++++ Raw data ++++

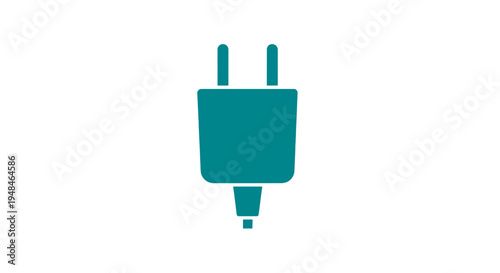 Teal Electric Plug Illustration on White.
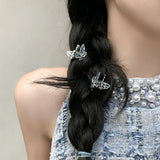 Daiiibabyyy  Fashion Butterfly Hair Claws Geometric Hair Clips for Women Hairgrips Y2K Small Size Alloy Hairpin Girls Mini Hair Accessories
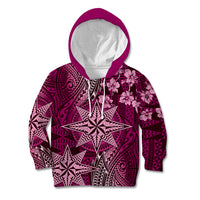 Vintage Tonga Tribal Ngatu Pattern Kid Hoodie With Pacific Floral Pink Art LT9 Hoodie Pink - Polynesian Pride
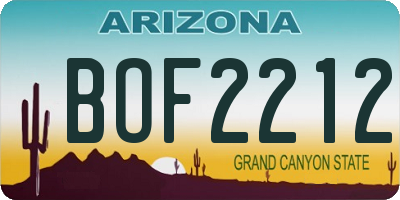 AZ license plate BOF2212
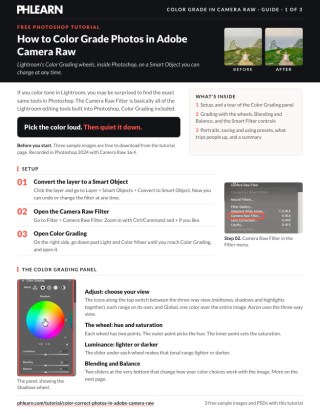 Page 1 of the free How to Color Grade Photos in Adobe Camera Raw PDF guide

++++

Problem requirements: Nothing but the text of the listing should be set down, exactly, with the pictures left behind.

Solution to this task:
 Teal Electric Plug Illustration on White.
 Daiiibabyyy  Fashion Butterfly Hair Claws Geometric Hair Clips for Women Hairgrips Y2K Small Size Alloy Hairpin Girls Mini Hair Accessories
 Vintage Tonga Tribal Ngatu Pattern Kid Hoodie With Pacific Floral Pink Art LT9 Hoodie Pink - Polynesian Pride
 AZ license plate BOF2212
 Page 1 of the free How to Color Grade Photos in Adobe Camera Raw PDF guide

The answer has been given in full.